Atraksi dibedakan menjadi atraksi yang tangible dan intangible yang memberikan
kenikmatan kepada wisatawan baik yang berupa kekayaan alam, budaya dan hasil
buatan manusia.
b. Aksesbilitas.
Cakupan aksesbilitas yaitu keseluruhan sarana dan prasarana transportasi yang
melayani wisatawan dari, ke, dan selama di daerah tujuan wisata.
c. Amenitas. Fungsi Amenitas lebih kepada
pemenuhan kebutuhan wisatawan sehingga sering kali tidak berhubungan langsung
terkait dengan bidang pariwisata.
Berdasarkan
Undang-undang Nomor 27 Tahun 2007 tentang Pengelolaan Wilayah Pesisir dan
Pulau-pulau Kecil, Sumber Daya Pesisir dan Pulau-Pulau Kecil adalah wilayah
pesisir terdiri atas sumber daya hayati, sumber daya non-hayati; sumber daya buatan, dan jasa-jasa lingkungan; sumber
daya hayati meliputi ikan, terumbu karang, padang lamun, mangrove dan biota
laut lain; sumber daya nonhayati meliputi pasir, air laut, mineral dasar laut;
sumber daya buatan meliputi infrastruktur laut yang terkait dengan kelautan dan
perikanan, dan jasa-jasa lingkungan berupa keindahan alam, permukaan dasar laut
tempat instalasi bawah air yang terkait dengan kelautan dan perikanan serta
energi gelombang laut yang terdapat di
Wilayah Pesisir.
Sumberdaya alam
yang produktif ekosistem pesisir dan laut merupakan penyedia jasa pendukung
kehidupan, seperti air bersih dan ruang yang diperlukan bagi berkiprahnya
segenap kegiatan manusia. Sebagai penyedia jasa-jasa kenyamanan ekosistem
pesisir dan laut merupakan lokasi indah dan menyejukkan untuk dijadikan tempat
rekreasi atau parawisata (Bengen, 2004).
Pembangunan
wilayah pesisir dan laut secara berkelanjutan
merupakan kebijakan penting Depatermen Kalutan dan Perikanan. Kebijakan
tersebut didasarkan pada pemikiran bahwa wilayah peisisr dan laut secara
ekologis dan ekonomis sangat potensial untuk dikembangkan dan dimanfaatkan demi
kesejahteraan rakyat. Meskipun pemerintah telah melakukan berbagai upaya untuk
mendorong pemanfaatan sumberdaya pesisir dan laut secara berkelanjutan, namun
pola pemanfaatan yang sifatnya merusak dan mengancam kelestarian sumberdaya
pesisir dan laut masih saja terus berlangsung.
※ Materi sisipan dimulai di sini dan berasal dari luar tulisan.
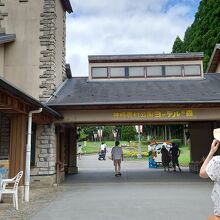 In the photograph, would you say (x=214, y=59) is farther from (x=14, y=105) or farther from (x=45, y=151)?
(x=14, y=105)

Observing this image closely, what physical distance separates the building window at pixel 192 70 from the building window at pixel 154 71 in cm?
147

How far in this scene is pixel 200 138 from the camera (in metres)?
20.4

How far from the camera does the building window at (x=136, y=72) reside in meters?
19.8

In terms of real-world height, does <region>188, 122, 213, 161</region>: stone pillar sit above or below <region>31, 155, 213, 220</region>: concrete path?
above

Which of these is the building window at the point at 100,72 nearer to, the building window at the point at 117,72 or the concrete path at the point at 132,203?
the building window at the point at 117,72

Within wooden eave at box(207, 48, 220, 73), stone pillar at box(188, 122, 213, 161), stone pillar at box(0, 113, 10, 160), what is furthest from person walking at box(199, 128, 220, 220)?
wooden eave at box(207, 48, 220, 73)

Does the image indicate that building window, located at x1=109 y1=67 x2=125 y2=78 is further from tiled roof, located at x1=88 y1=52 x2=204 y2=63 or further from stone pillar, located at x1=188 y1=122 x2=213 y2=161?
stone pillar, located at x1=188 y1=122 x2=213 y2=161

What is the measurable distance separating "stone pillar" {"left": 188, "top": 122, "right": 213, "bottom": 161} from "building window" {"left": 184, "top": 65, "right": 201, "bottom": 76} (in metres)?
2.82

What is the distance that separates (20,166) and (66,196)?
171 cm

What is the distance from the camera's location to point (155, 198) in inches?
404

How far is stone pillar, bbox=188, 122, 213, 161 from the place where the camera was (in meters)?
20.2

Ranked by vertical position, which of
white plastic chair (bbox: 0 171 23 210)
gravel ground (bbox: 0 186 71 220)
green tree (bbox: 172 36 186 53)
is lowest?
gravel ground (bbox: 0 186 71 220)

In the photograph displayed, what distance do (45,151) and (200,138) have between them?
33.1 feet

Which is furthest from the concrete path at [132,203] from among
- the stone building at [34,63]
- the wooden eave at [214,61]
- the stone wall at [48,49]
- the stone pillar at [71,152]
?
the wooden eave at [214,61] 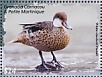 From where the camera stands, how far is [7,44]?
1220 mm

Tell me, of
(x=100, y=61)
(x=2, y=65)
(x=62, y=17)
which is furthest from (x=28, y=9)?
(x=100, y=61)

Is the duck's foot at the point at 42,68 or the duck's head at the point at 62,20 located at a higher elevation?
the duck's head at the point at 62,20

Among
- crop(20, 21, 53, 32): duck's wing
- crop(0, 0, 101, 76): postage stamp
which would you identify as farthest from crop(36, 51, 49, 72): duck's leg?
crop(20, 21, 53, 32): duck's wing

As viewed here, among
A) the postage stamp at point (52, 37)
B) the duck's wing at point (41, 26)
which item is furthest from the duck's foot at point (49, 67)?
the duck's wing at point (41, 26)

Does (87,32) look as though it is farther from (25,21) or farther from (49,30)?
(25,21)

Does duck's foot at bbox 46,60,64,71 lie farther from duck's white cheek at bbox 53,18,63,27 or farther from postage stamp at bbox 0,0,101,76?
duck's white cheek at bbox 53,18,63,27

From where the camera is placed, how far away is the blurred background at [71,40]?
1210mm

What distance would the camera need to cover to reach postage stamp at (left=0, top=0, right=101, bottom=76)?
1211 millimetres

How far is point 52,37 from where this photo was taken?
3.97 feet

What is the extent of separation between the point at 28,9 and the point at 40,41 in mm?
152

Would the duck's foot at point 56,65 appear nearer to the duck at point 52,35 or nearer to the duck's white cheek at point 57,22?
the duck at point 52,35

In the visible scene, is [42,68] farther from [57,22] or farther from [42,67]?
[57,22]

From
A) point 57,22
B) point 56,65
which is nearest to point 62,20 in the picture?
point 57,22

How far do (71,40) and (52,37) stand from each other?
3.4 inches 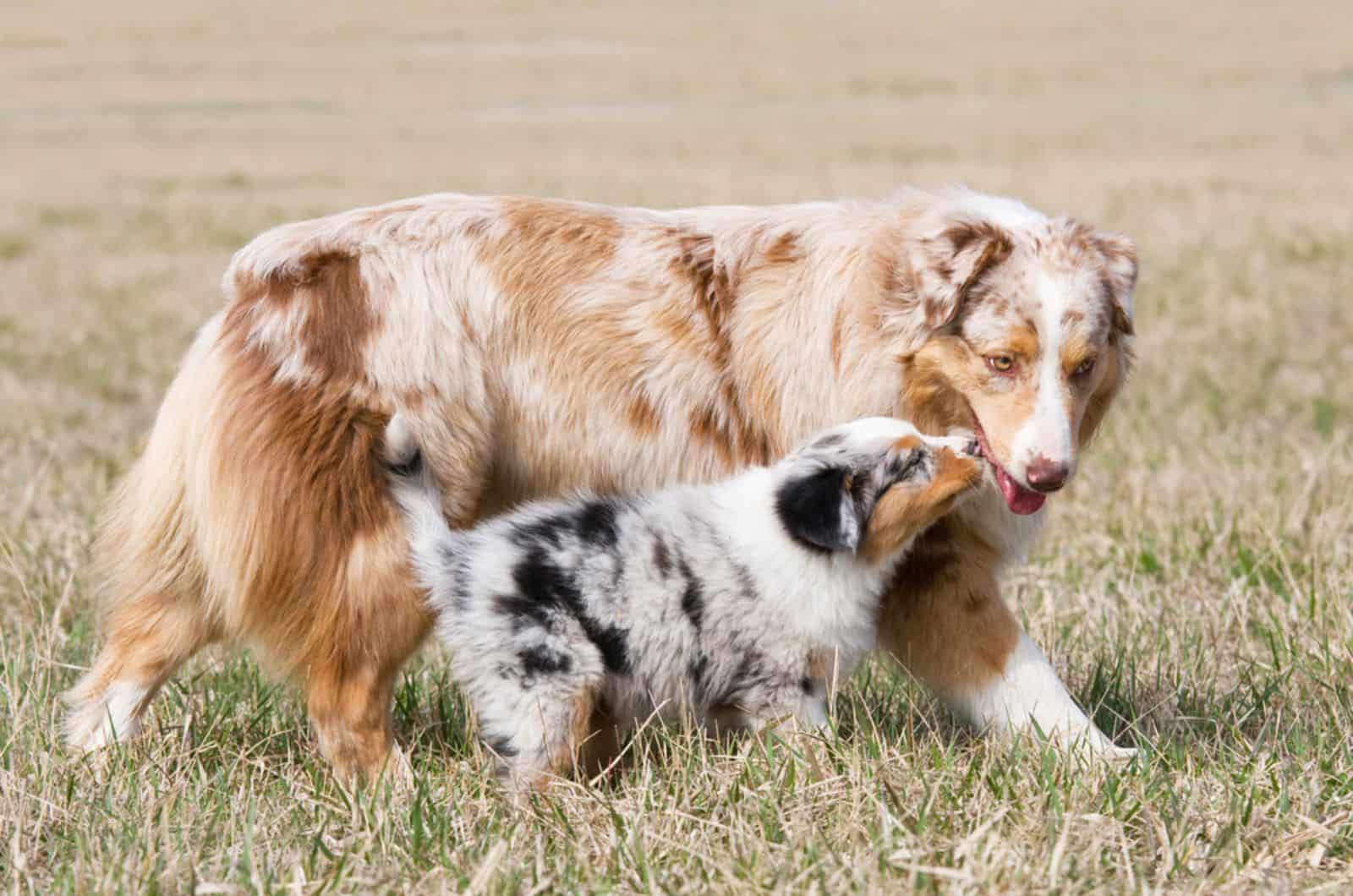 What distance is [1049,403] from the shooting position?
13.5 feet

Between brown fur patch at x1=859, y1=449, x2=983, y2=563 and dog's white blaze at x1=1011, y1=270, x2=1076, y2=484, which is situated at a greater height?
dog's white blaze at x1=1011, y1=270, x2=1076, y2=484

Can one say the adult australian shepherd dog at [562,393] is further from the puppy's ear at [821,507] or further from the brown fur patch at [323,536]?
the puppy's ear at [821,507]

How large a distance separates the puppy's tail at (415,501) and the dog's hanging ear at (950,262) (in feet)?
4.33

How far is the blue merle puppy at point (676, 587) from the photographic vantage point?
4043 millimetres

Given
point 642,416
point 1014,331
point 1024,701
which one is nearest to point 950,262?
point 1014,331

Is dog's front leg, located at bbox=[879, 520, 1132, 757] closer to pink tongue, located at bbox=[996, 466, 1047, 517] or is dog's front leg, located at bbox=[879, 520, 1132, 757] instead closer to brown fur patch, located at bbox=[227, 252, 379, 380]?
pink tongue, located at bbox=[996, 466, 1047, 517]

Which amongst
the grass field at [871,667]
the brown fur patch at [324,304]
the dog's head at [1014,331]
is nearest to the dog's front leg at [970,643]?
the grass field at [871,667]

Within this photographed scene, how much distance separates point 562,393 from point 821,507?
2.42 ft

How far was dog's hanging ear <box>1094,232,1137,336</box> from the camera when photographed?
434 centimetres

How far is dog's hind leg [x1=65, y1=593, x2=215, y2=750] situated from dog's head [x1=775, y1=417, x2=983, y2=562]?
165 cm

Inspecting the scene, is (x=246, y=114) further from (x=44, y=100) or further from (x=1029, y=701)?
(x=1029, y=701)

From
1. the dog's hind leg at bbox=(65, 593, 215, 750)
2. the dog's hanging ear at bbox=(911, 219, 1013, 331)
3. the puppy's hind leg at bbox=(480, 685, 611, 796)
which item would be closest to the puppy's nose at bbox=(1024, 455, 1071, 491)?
the dog's hanging ear at bbox=(911, 219, 1013, 331)

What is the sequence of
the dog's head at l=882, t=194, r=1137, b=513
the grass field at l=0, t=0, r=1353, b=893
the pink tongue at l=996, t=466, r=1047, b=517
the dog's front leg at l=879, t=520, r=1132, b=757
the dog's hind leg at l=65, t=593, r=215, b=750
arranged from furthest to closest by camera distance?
the dog's hind leg at l=65, t=593, r=215, b=750
the dog's front leg at l=879, t=520, r=1132, b=757
the pink tongue at l=996, t=466, r=1047, b=517
the dog's head at l=882, t=194, r=1137, b=513
the grass field at l=0, t=0, r=1353, b=893

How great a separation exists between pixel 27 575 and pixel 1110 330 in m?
3.84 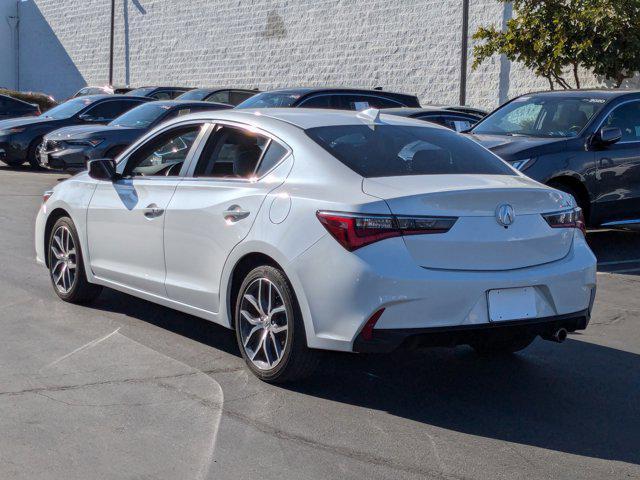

Pengembangan ekowisata merupakan
salah satu alternatif pembangunan yang dapat membantu mengatasi masalah
tersebut (Tuwo, 2011).
B. Prinsip Perencanaan Kawasan Pariwisata pada
Daerah Pesisir
Menurut
Kusnadi (2014), Prinsip – prinsip perencanaan kawasan pariwisata pada wilayah
pesisir dapat dilakukan dengan memperhatikan ketentuan berikut:
a) Mengetahui
profil wilayah kawasan pesisir yang menjadi perencanaan seperti kondisi fisik
alam,
b) Sosial
budaya dan ekonomi kawasan pesisir yang menjadi kawasan perencanaan seperti
kehidupan atau taraf sosial masyarakat yang tinggal pada kawasan pesisir tersebut
contohnya peluang usaha.
c) Aksesbilitas kawasan pesisir yang menjadi kawasan perencanaan
yaitu, akses jaringan transportasi yang baik untuk mencapai kawasan pariwisata
pesisir tersebut.
d) Amenitas Wisata merupakan segala sesuatu yang memberikan kemudahan
bagi wisatawan untuk memenuhi kebutuhannya selama berwisata dikawasan pesisir
tersebut. Kondisi terkini dari amenitas (fasilitas pelayanan) berupa hotel dan
akomodasi serta restoran (rumah makan).
e) Atraksi Wisata adalah segala sesuatu yang disuguhkan oleh pemerintah
maupun masyarakat yang dapat menambah
minat para wisatawan untuk datang pada kawasan pesisir yang berbasis ekowisata.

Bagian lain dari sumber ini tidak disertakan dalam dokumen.